Sadly, that just wasn’t enough to sate the appetite of growth investors who expected a little more top-line growth. And with management forecasting that sales might only grow by 17% for the full year of 2025, the stock endured a bit of a tumble.
A buying opportunity?
Even after its recent valuation hit, at a price-to-sales ratio of 8.8, Cellebrite shares can hardly be described as cheap. Yet projections from some analysts suggest that the premium might be worth paying. For example, JPMorgan currently has a share price target of $28 – around 70% higher than today’s price.
Such large 12-month projections should always be taken with a grain of salt. But Cellebrite’s target market is expected to grow at a near-15% annualised rate over the next five years. And given the company’s already the top dog in the sector, we might still be in the early days of Cellebrite’s growth story – even more so now that profits have started to materialise.

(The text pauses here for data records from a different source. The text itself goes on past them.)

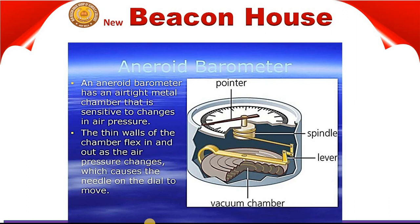An aneroid barometer has an airtight metal chamber that is sensitive to changes in air pressure. Basically, its function is to measure air pressure.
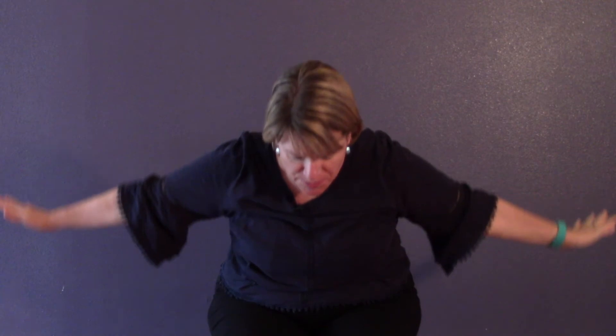This time go ahead and fold forward as your arms come down, and let yourself breathe here for a couple breaths. Then you'll inhale up. You are complete. Thank your body, and I thank you for practicing — see you next time.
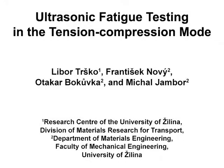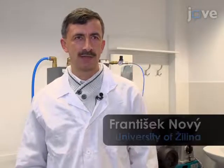The overall goal of this experiment is to evaluate the fatigue life of material in the ultra-high cycle region. This method can help answer key questions about safety and reliability of metallic components, which have to withstand over 10 million loading cycles during operation. This technique is based on driving the specimen into longitudinal vibration at its 20 kHz resonance frequency, which means that approximately 20,000 loading cycles are carried out in a second.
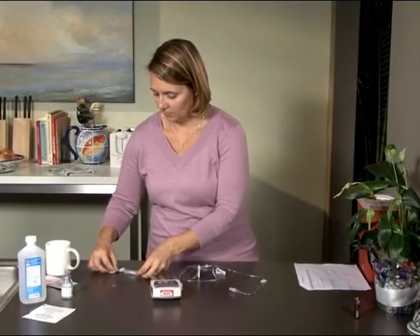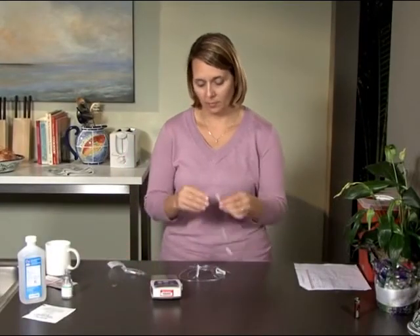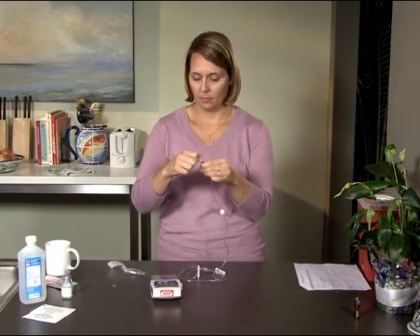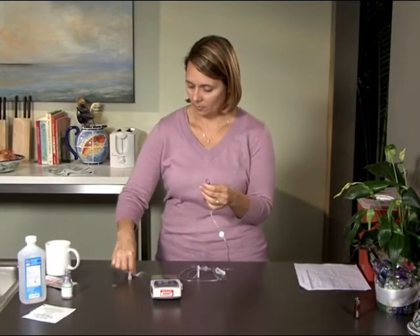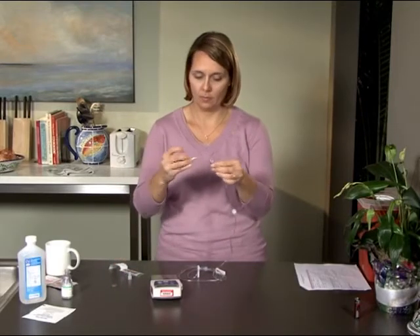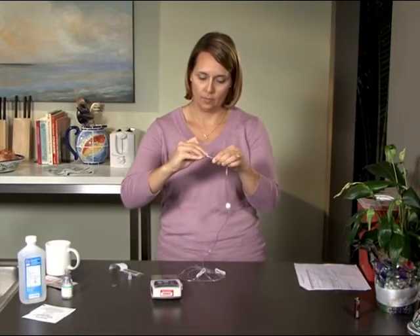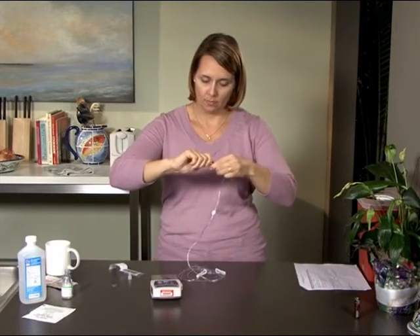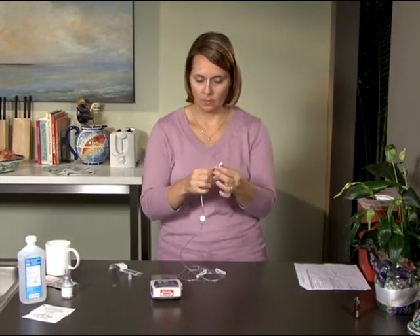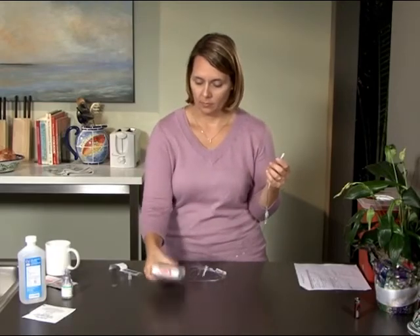First, clamp the central line. Disconnect the current pump by twisting off the extension tubing and set it aside for storage later. Clean the end of the central line with alcohol. Remove the clear cap on the end of the extension tubing. Attach the extension tubing to the central line, then unclamp the central line.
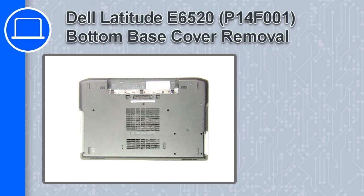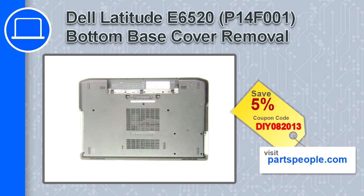How's it going? This is Ricardo and in this video I'll show you how to remove the SD card from a Dell Latitude E6520. If you're looking for parts for this laptop, go to our website and use this coupon for a 5% off discount.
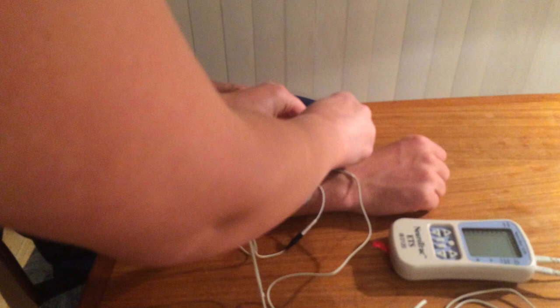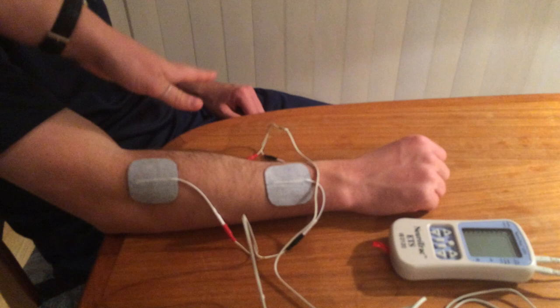For this one I've got channel A on the wrist extensors and channel B on the wrist flexors, but it doesn't matter either way — they're both going to get a workout.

Having said that, there’s no denying the high risk here. Cellebrite’s technology is a powerful tool that can be easily abused if it gets into the wrong hands. This reputational risk is already being put to the test with reports of authoritarian regimes using the technology in human rights violations.
Management’s already tackling these issues with much stricter customer screening, disabling access when misuse is detected, as well as proactively suspending sales in over 60 countries. Nevertheless, ethical concerns will undoubtedly persist.
Despite this risk, I remain an optimist. The valuation’s still on the pricey side. But I think the premium might be worth paying, considering the opportunity that Cellebrite’s seeking to capitalise on. That’s why I’ve already used the recent stock price weakness to build a small position in my growth portfolio.